══ DATA UNDER STUDY
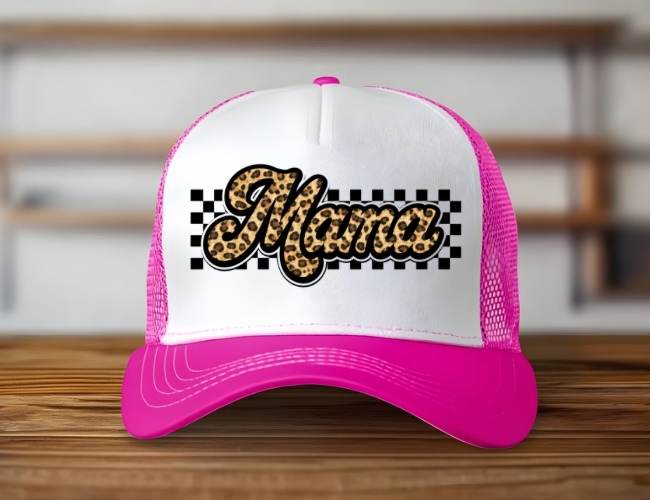 Leopard Mama Checkered Trucker Hat
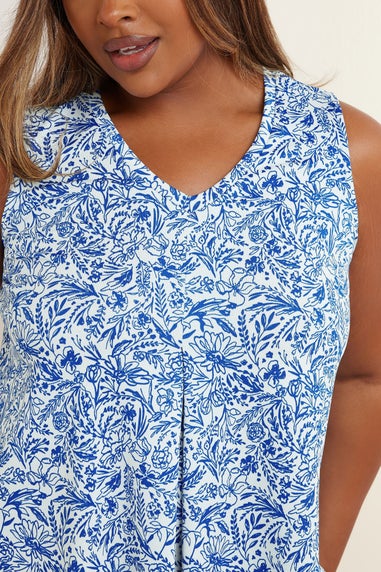 Yours Curve Blue Floral Pleat Front Vest Top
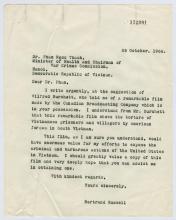 Letter, Bertrand Russell dated October 26, 1966.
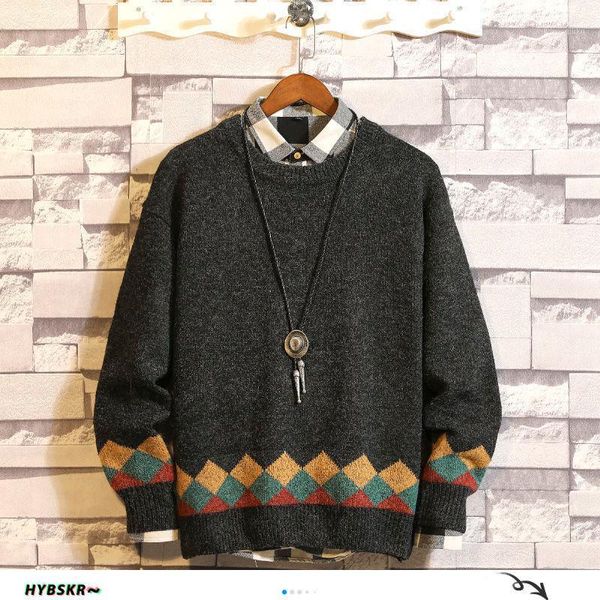 

hybskr men's winter warm sweater korean streetwear fashion oversize man pullovers sweater graphic printed casual male clothing1, White;black
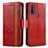 Handytasche Stand Schutzhülle Flip Leder Hülle S02D für Motorola Moto G Pure Rot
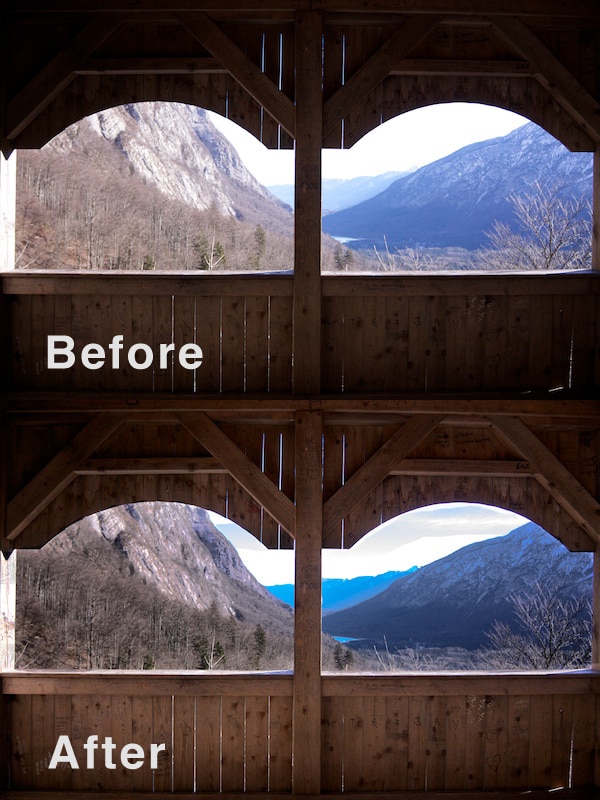 Una foto de antes y después del uso de las herramientas Burn & Dodge en lugar de HDR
════
### ACTIVITY
An exact copy of every entry above is needed, minus the pictures.

### TASK ANSWER
 Leopard Mama Checkered Trucker Hat
 Yours Curve Blue Floral Pleat Front Vest Top
 Letter, Bertrand Russell dated October 26, 1966.

hybskr men's winter warm sweater korean streetwear fashion oversize man pullovers sweater graphic printed casual male clothing1, White;black
 Handytasche Stand Schutzhülle Flip Leder Hülle S02D für Motorola Moto G Pure Rot
 Una foto de antes y después del uso de las herramientas Burn & Dodge en lugar de HDR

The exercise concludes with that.